La habitación siguiente presentaba una decoración análoga, aunque aquí las imágenes eran de origen medieval y mucho más recargadas. Esta habitación, con el suelo de linóleo, era mayor que la contigua y estaba dividida por una mampara de listones con una cama de matrimonio a cada lado. Completaban el mobiliario unos toscos estantes con libros y revistas y dos armarios. En un rincón unas puertas corredizas de cristal separaban de la habitación un pequeño plato de ducha y un inodoro. La única iluminación procedía de una lamparilla colocada sobre una mesa de noche. Cerca de mí, vi dos cajas de cartón llenas de ropa de mujer y una maleta con unos cuantos trajes y chaquetas de hombre. Todas las prendas parecían de dos décadas atrás por lo menos. Habían quitado las sábanas de las camas y formado dos fardos con ellas. En un rincón había una aspiradora, y al lado se hallaba la bolsa del polvo extraída. Daba la impresión de que estaban eliminando todo rastro de los ocupantes del búnker.

Una puerta entreabierta daba a la tercera habitación. Me detuve al oír un sonido procedente del interior, un ruido parecido a un tintineo de cadenas. El aire olía a sangre. No percibí movimiento alguno cerca de la puerta. Me llegó de nuevo el roce de metal contra metal. Empujé la puerta con el pie y me puse a cubierto tras la pared, esperando disparos. No los hubo. Aguardé unos segundo más antes de echar un vistazo adentro.

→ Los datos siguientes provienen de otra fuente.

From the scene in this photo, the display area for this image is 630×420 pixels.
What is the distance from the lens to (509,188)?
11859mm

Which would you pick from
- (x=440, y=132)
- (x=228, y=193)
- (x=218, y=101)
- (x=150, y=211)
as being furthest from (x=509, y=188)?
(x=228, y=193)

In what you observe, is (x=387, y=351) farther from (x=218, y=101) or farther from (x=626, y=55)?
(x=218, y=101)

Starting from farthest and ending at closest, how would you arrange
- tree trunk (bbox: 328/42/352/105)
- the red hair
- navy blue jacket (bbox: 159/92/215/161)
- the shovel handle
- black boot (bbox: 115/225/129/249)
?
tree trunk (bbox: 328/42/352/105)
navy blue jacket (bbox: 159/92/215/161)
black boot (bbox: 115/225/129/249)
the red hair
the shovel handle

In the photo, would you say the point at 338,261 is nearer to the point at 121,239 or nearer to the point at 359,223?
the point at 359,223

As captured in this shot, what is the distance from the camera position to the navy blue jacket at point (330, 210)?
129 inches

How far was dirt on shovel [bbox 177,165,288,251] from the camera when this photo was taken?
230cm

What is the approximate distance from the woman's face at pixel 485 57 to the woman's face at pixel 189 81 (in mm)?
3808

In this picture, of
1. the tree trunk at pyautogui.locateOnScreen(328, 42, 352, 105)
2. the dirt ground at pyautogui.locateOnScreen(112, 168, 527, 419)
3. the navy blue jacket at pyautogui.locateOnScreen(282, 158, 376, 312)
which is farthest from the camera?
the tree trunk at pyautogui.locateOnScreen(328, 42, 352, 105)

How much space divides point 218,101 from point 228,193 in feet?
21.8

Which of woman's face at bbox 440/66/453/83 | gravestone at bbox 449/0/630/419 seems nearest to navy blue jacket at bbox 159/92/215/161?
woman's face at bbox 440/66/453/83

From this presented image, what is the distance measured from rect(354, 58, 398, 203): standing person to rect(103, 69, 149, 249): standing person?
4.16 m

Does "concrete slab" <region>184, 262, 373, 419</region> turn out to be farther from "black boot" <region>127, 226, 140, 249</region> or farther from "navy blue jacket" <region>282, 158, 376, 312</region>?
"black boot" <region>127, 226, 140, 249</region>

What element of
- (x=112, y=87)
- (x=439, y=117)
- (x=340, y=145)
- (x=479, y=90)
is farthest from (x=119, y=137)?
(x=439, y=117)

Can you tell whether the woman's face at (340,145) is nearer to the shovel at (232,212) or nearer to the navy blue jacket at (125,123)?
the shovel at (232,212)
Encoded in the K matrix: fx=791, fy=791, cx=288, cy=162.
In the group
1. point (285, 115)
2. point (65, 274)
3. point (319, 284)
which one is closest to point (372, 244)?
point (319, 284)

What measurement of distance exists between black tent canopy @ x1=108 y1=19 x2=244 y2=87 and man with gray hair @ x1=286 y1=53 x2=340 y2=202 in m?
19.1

En el centro, sobre el suelo de piedra, se alzaba un tajo de carnicero apoyado en cuatro gruesas patas. Tenía sangre seca en los bordes. Más allá, adosada a la pared del fondo, se extendía una mesa de acero inoxidable con un lavabo acoplado y un tubo de desagüe que descendía desde el sumidero hasta un recipiente metálico herméticamente cerrado. En la mesa había instrumentos quirúrgicos, algunos utilizados hacía poco. Vi una sierra para huesos y dos bisturís con las hojas ensangrentadas. Detrás, una cuchilla de carnicero colgaba de un gancho en la pared. La habitación entera apestaba a carne.

No vi a Ángel hasta que entré. Estaba desnudo y esposado a una barra de metal embutida en la pared encima de una bañera de hierro. Medio derecho, medio arrodillado en la bañera, tenía los costados manchados de sangre ya pardusca. Colgaba vuelto hacia mí, amordazado con esparadrapo. Tenía el rostro veteado de sangre y sudor y los ojos entreabiertos. Cuando me acerqué a él, los cerró por un instante y emitió un leve gimoteo, ahogado por la mordaza. Presentaba magulladuras en la cara y una larga herida en la pierna derecha; parecía una cuchillada y la habían dejado sangrar.